An Intro to Kubernetes
In the previous article we discussed reasons why you might want the ability to scale your apps up and down and the different resources needed by different types of web app. We also discussed the use cases for different app architecture styles. How do we actually put this theoretical knowledge into practice?
Enter Kubernetes. Kubernetes is the leading solution for deploying web apps at scale, and can be used for a wide variety of system administration tasks, from a simple deploy with one container to vastly more complex setups with automatically scaling components. Unfortunately, with this power comes a lot of complexity. We'll try to cut through a lot of that complexity today and give you an idea of how to setup your apps with Kubernetes.
Requirements
- The
transcoder
app from the web-105 git repository. - Install kubectl from the Kubernetes website.
- Install minikube from the minikube website.
- Make sure docker is installed, if you didn't follow previous tutorials.
This tutorial will likely be easier to follow on Linux or MacOS than Windows-based systems.
It's recommended you read the previous articles in the series to understand containers and machines as otherwise Kubernetes will be very difficult to understand.
Getting Started
For this tutorial we're going to use Minikube. Minikube is a simple local Kubernetes environment which can be used to learn before moving onto a more production-friendly environment such as Azure, AWS, or a bespoke setup.
Once you've installed everything you can get started very easily:
minikube start
minikube dashboard
This will install or start minikube, and then bring up an admin dashboard where you can view your current Kubernetes clusters. But wait! What the heck is a pod?
Much of the Kubernetes terminology can be confusing if it's the first time you've seen it, so we'll introduce these concepts in the next section.
Key Kubernetes Koncepts
Kubernetes comes from the Greek for "captain". It has the same root as cybernetics, which is not a mistake. In cybernetics, a control loop looks at existing inputs and attempts to reach a desired state. For example, an oven will check its current temperature before deciding whether or not to continue heating. If it's at temperature it will stop heating until it cools down to slightly below the target temperature, then switch back on. In the same way, Kubernetes uses controls to reach a desired target state.
A container in Kubernetes is the same as it is in Docker, and Docker is the most common container runtime used with Kubernetes.
A node is a machine. This can be a real or virtual machine (think back to our first class) and makes a certain number of resources available to Kubernetes. As minikube runs on our local machine using either its own docker container or a virtual machine, it has only a single node.

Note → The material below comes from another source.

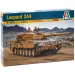 imagen de Italeri 1/35 tanque Leopard 2A4 maqueta 1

A cluster is a collection of nodes which are managed by Kubernetes. As minikube has only one node, it also has just one cluster.
A pod is a collection of one or more containers running on a node. It's called a pod to recall a group of whales (i.e. Docker containers). Normally a pod is a set of identical containers (a replica set) but it can also be a collection of closely-coupled containers. In Kubernetes, we rarely deploy pods directly (unlike in Docker) because we want to be able to easily create and destroy them.
We manage pods by using deployments. In Kubernetes, a deployment is declarative. This means that we don't tell Kubernetes how to move from one state to another (e.g. to reduce the number of pods for an app) but instead we tell it our desired final state and allow it to manage our resources to move to that state.
A service controls how kubernetes resources, especially pods, are connected to the network. It lets us create ingresses, which are entry points into our app from outside the kubernetes cluster.
Finally, a load balancer lets you distribute requests from services across multiple different containers or pods. It's essential to make sure that no individual container is overwhelmed by requests.
There are many other types of resource available in Kubernetes: however, these are the most important to remember and the ones we will use in this tutorial.
The Transcoder App
Our transcoder app looks something like this. It's similar to the approach we used in our docker-compose tutorial with the reader and writer apps. The frontend sends requests to the API. This could be a request for information or a file upload. The API responds by writing to the volume or by returning information to the frontend.
The volume is just some file storage service. In Kubernetes we can use many types of volumes: in this tutorial we'll use the simplest hostPath
type. Note that because we're using minikube, the hostPath
points inside minikube, not to our real host machine.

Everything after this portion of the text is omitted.